▶ _Task instructions_: Could the data below please be reproduced word for word, without the pictures?
───── Data section
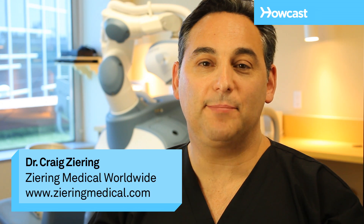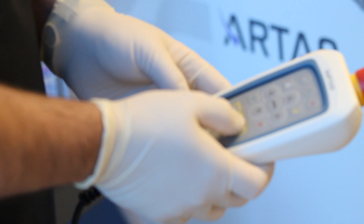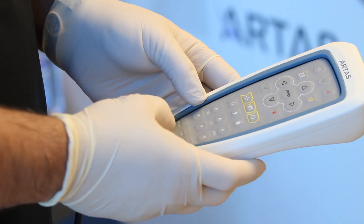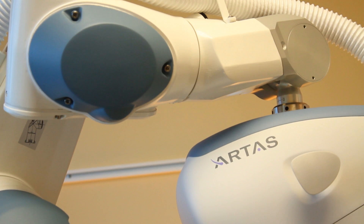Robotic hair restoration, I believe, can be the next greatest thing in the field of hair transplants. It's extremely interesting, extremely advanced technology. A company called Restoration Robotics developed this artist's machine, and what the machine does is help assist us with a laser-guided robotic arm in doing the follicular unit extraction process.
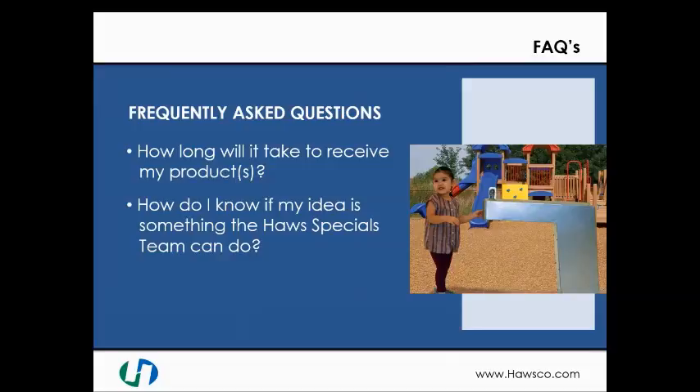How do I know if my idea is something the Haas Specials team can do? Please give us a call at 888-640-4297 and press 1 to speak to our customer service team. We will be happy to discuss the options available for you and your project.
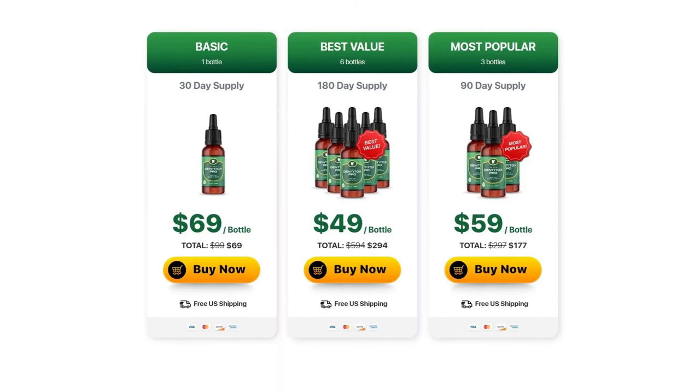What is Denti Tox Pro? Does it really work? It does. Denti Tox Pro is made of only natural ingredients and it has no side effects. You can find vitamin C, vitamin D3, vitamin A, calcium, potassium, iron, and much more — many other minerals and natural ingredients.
──────────
▶ _Exercise solution_:
Robotic hair restoration, I believe, can be the next greatest thing in the field of hair transplants. It's extremely interesting, extremely advanced technology. A company called Restoration Robotics developed this artist's machine, and what the machine does is help assist us with a laser-guided robotic arm in doing the follicular unit extraction process.
How do I know if my idea is something the Haas Specials team can do? Please give us a call at 888-640-4297 and press 1 to speak to our customer service team. We will be happy to discuss the options available for you and your project.
What is Denti Tox Pro? Does it really work? It does. Denti Tox Pro is made of only natural ingredients and it has no side effects. You can find vitamin C, vitamin D3, vitamin A, calcium, potassium, iron, and much more — many other minerals and natural ingredients.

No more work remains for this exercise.